Product Rating: 5.0 Recommended: Yes 

Pros: Refined feel, drives much like a conventional car
Cons: Slow, low handling limits, must adapt driving style to fully benefit
The Bottom Line: A much better car than the Prius, the Civic Hybrid makes me wonder why Toyota went through so much trouble.


Purely electric cars have not worked. They must be recharged too often, and recharging takes too long. The battery packs are so large and heavy that they severely harm the performance and functionality of the vehicle.

For these reasons, auto makers are now shifting their attention from all-electric vehicles to "hybrids," which use both an internal combustion (gasoline or diesel) engine and an electric motor. This technology is not entirely new. The diesel-electric locomotives that have powered trains for decades use one form of hybrid powertrain. In these locomotives, a diesel engine spins an electric generator that powers electric motors that drive the wheels. Since the diesel engine does not directly drive the wheels, but only works indirectly through the electric motors, this is called a "series" hybrid.

This type of hybrid is very efficient because the diesel engine can be kept in its most efficient operating range all the time. The downsides for automotive use are that this type of hybrid is very heavy, because the electric motors must be large enough to provide all of the power to the wheels, and it feels much different than a conventional powertrain to drive.

For these reasons, for automotive use a "parallel" hybrid seems to be the favored design, at least for now. In a parallel hybrid, both the internal combustion engine and an electric motor drive the wheels. In general, parallel hybrids also contain the series layout: the engine also turns a generator, which charges a relatively small set of batteries, which powers one or more electric motors. The electric motor and generator are typically the same unit; electronics can convert the motor into a generator and back again as conditions dictate. The benefit of a hybrid as opposed to a purely electric vehicle is that you never have to plug the vehicle into an electrical outlet. You just refuel it like a conventional vehicle.

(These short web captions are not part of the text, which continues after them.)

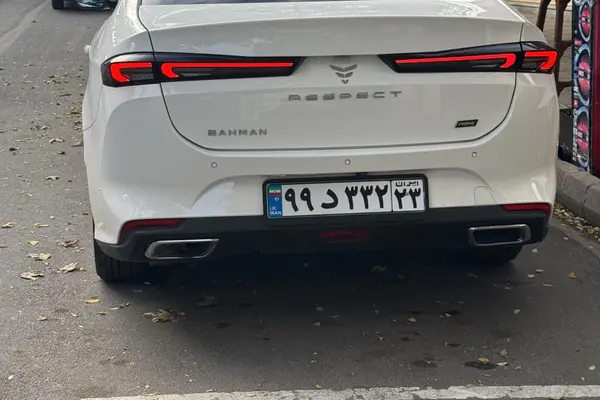 ریسپکت، پرایم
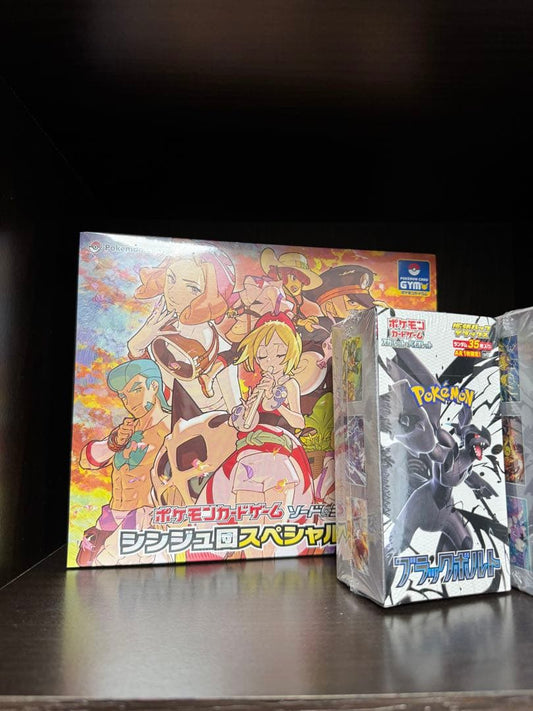 Pokemon Pokemon Card Game Sinjyu-dan Special Set Box — Japanese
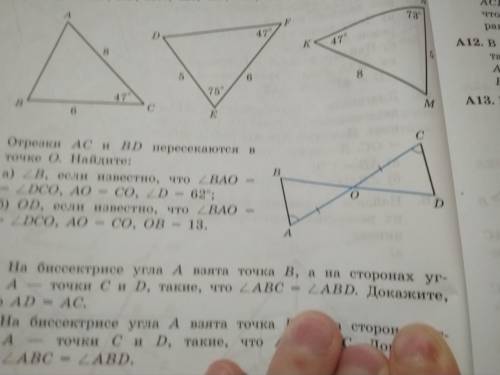 Сделать А8(б) заранее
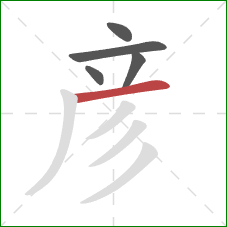 彦的笔顺第5画：横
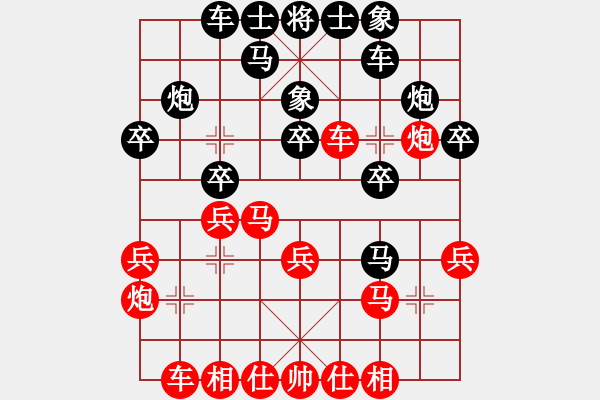 象棋棋譜圖片：濰衛(wèi)校甄(9星)-和-shiqa(風(fēng)魔) - 步數(shù)：20 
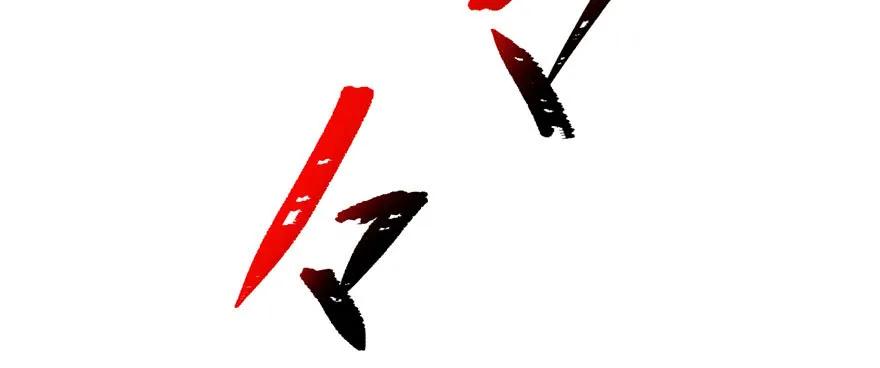 168震慑全场116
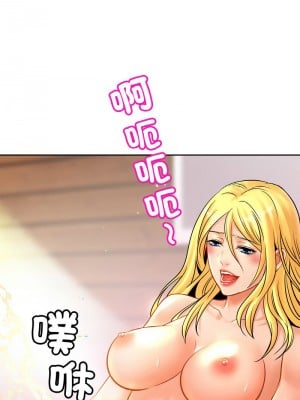 相親相愛一家人 40-41話_40_08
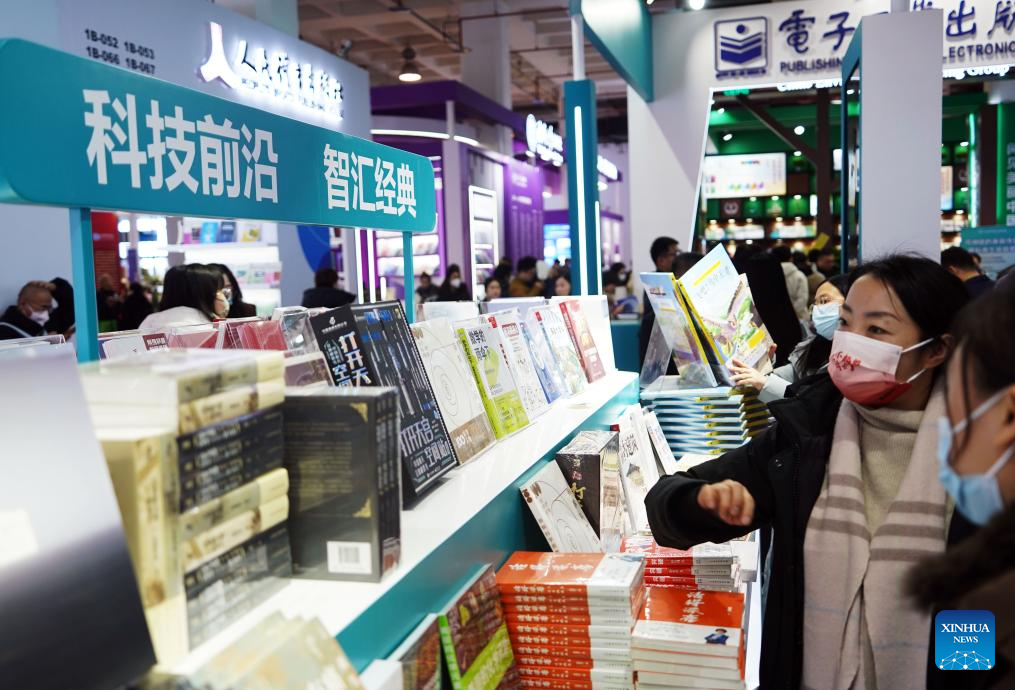 Beijing book fair opens with 400,000 titles on show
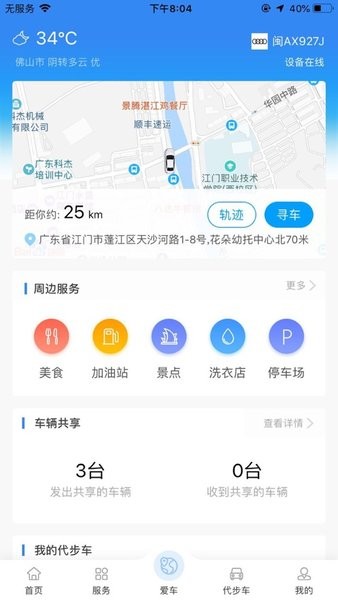 北斗侍卫软件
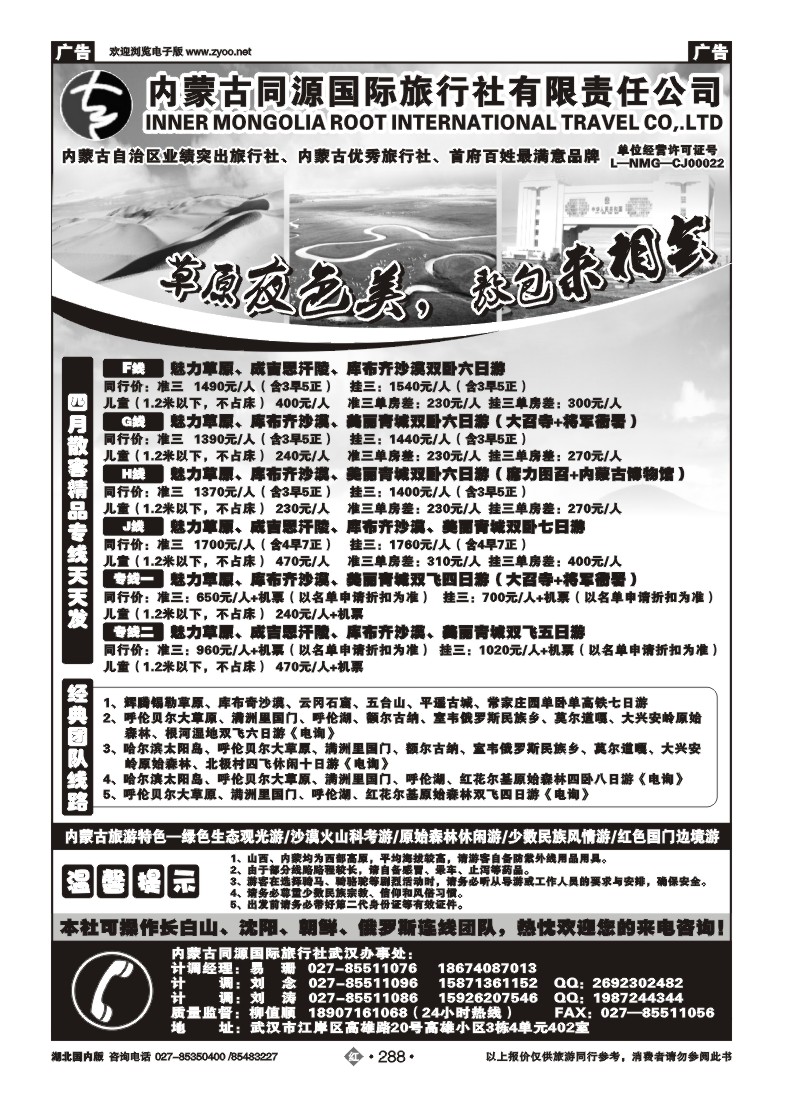 r288内蒙古同源国际旅行社有限责任公司武汉办事处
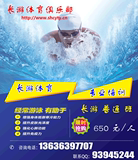 长游学游泳 游泳培训 上海成人普通班 4~6人教学授课 包门票包会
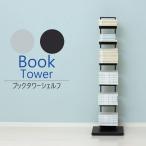  черный sio книжка tower полка ( черный ) 22862( черный sio) возвращенный товар вид другой A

Why make a hybrid at all? Compared to a regular automobile, they promise to be both more fuel efficient and more ecologically sound, especially in city driving. There are at least two reasons for this. First, regenerative braking can be used. When the driver hits the brakes, the vehicle can be slowed down at least in part by using the wheels to turn an electric generator that charges the batteries. While not as powerful as brakes, the generator when in operation does slow the vehicle considerably. If more powerful braking is needed than the generator can provide, then conventional brakes are called into use. In this manner, at least some of the energy earlier used to accelerate the vehicle is recaptured. The second potential source of improved fuel economy and lower emissions is that, with some designs, in low-speed driving the engine can remain off, so that only the electric motor is used. Because both of these factors are most used in slow, stop-and-go city driving, hybrids have their largest benefits in this scenario.

While Honda's Insight was the first hybrid sold in the U.S., Toyota actually introduced the first one worldwide. The Prius went on sale in Japan back in 1997. It was not sold in the U.S. initially because market research indicated it was far too weak for American drivers. Also, Japanese do far more stop-and-go city driving than most Americans (the average driving speed in Tokyo is somewhere around 10 mph). Once Toyota developed a more powerful version of the engine, 70 vs. 57 horsepower, the vehicle went on sale in the U.S. I drove one then, and found it, well, interesting. My review, the introduction to which will now seem quite familiar, can be found here.

The Prius hasn’t sold badly, proving there is at least a limited market for such vehicles. Honda’s Insight has not done so well, likely because of its impractical two-seat configuration. Perhaps in reaction to the moderate success of the Prius, and to keep its technological and economical reputation intact, for 2003 Honda has introduced a hybrid version of its Civic. Because I find the technology intriguing, and because I wanted to see how this car compared to the Prius, I took one for a drive.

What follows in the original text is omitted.